Debiut Roberto Soldicia na gali One on Prime Video 5 zakończył się brutalnym faulem w wykonaniu dagestańskiego oponenta. Głos w tej sprawie zabrał CEO ONE Championship, Chatri Sityodtong i… oberwało się „RoboCopowi”!

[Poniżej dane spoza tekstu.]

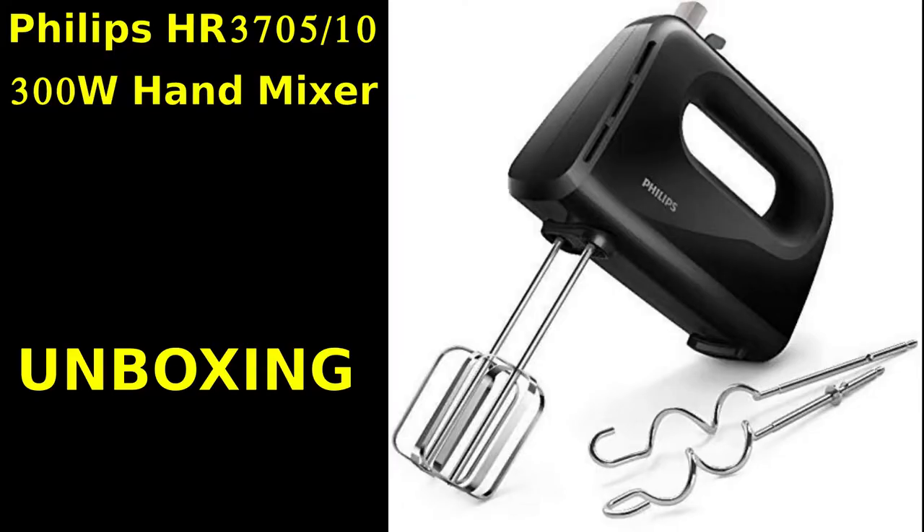Hi friends, this is Vani. Welcome to my channel, Adavisthari. Today, I am doing a Philips hand blender unboxing video.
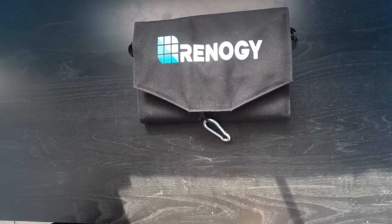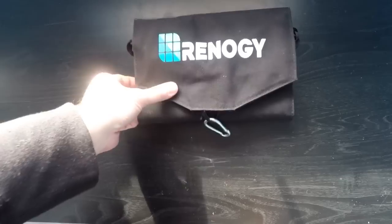Hey guys, today I wanted to post a quick video on this folding solar panel that I love so much. I want to start with a disclaimer — this is made by Renogy, and I'll have a link in the description to the website I purchased it from, but I'm in no way being sponsored by Renogy. This is just me sharing something I use on a daily basis — an honest review, if you will.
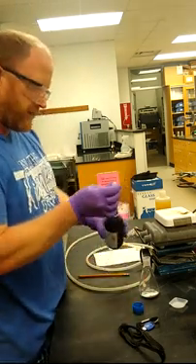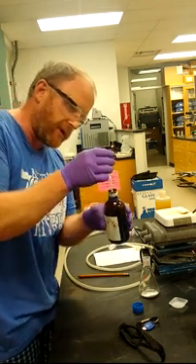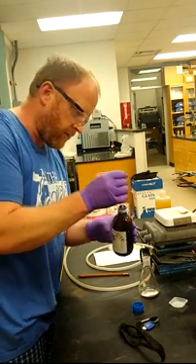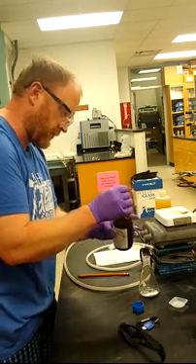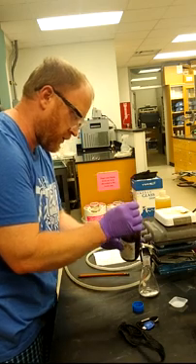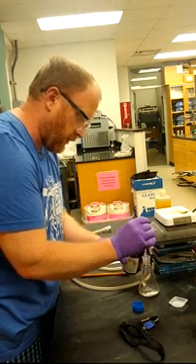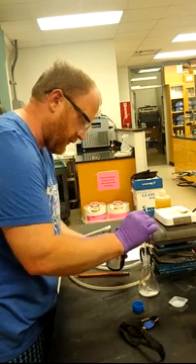We've got 5 ml and this is a 1 ml dropper. I'm just estimating since I didn't grab a cylinder earlier. So I'm counting out five droppers worth and then that's going to be added.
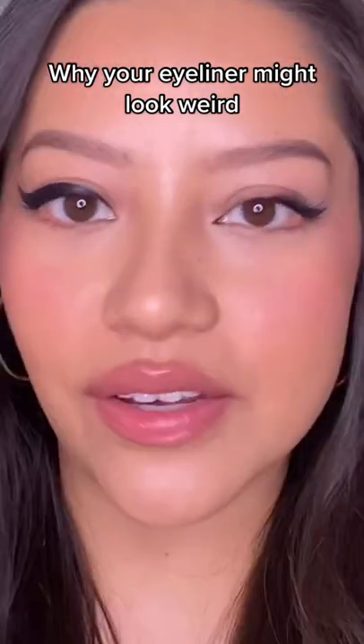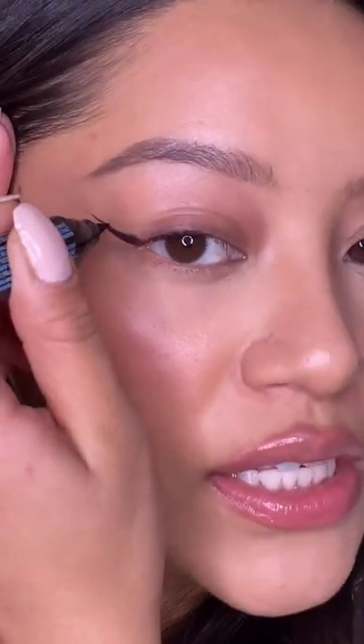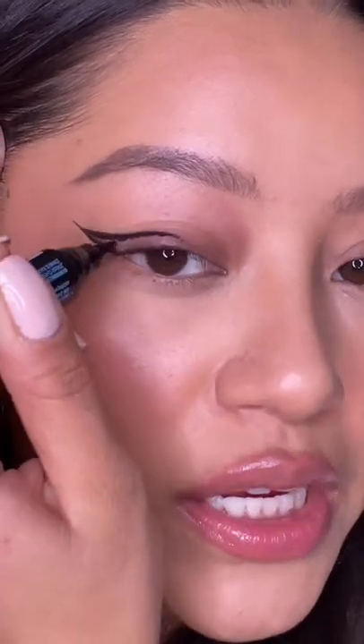You have to learn how to do your eyeliner for your individual eye shape. When I first started doing my makeup, I would always close my eye to do my eyeliner. I would start off like this, and then I always wanted that really big wing that everyone was rocking. And most of the time, my eyeliner was almost touching my eyebrow.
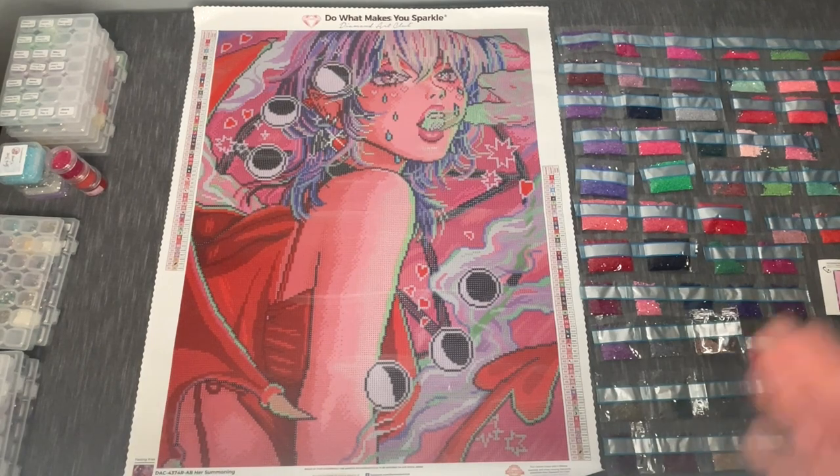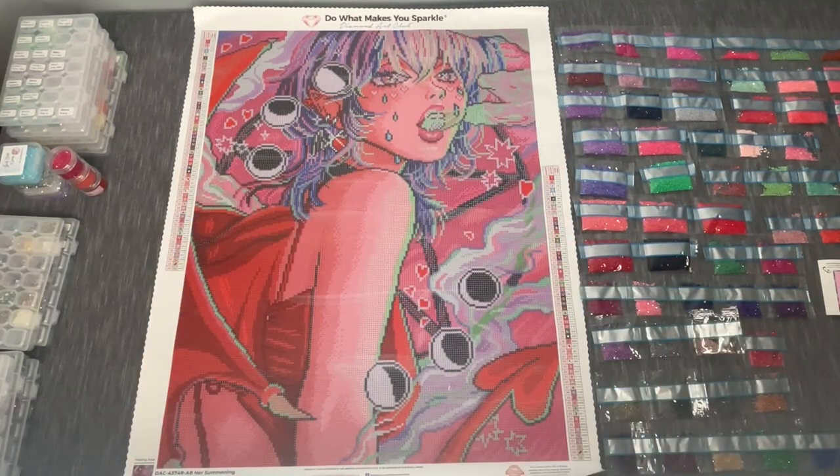Hey everyone, it's Anthony back with another video here on Single and Placing. Today we've got quite the situation going on — this is going to be a time-lapsed kit-and-chat with the canvas 'Her Summoning' by Ivy Dolomore from Diamond Art Club. This is a round drill canvas, 50.7 by 65.8 centimeters, 60 colors, and four ABs. I unboxed this kit as part of my Black Friday/Cyber Monday mass unboxing where I went through six kits.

Wielce wyczekiwany debiut Roberto Soldicia zakończył się totalną klapą. Były podwójny mistrz KSW spotkał się z niepokonanym Muradem Ramazanovem, a wygrany tego pojedynku mógłby myśleć o wyzwaniu mistrza kategorii półśredniej. Zwycięzca jednak nie został wyłoniony.
Dagestańczyk niemal natychmiast ruszył po nogę Chorwata i sprowadził go na matę. Soldić zdołał wrócić na nogi, ale wciąż w ciasnej klamrze trzymał go oponent. Ramazanov wyprowadził krótkie ciosy na szczękę „RoboCopa” i kolano na podbrzusze… które jednak wylądowało trochę niżej. Roberto nie zdołał wrócić do siebie, a pojedynek uznano za nieodbyty.
Głos w tej sprawie zabrał prezes federacji, Chatri Sityodtong. Na konferencji prasowej skrytykował on wybór ochraniacza przez Chorwata.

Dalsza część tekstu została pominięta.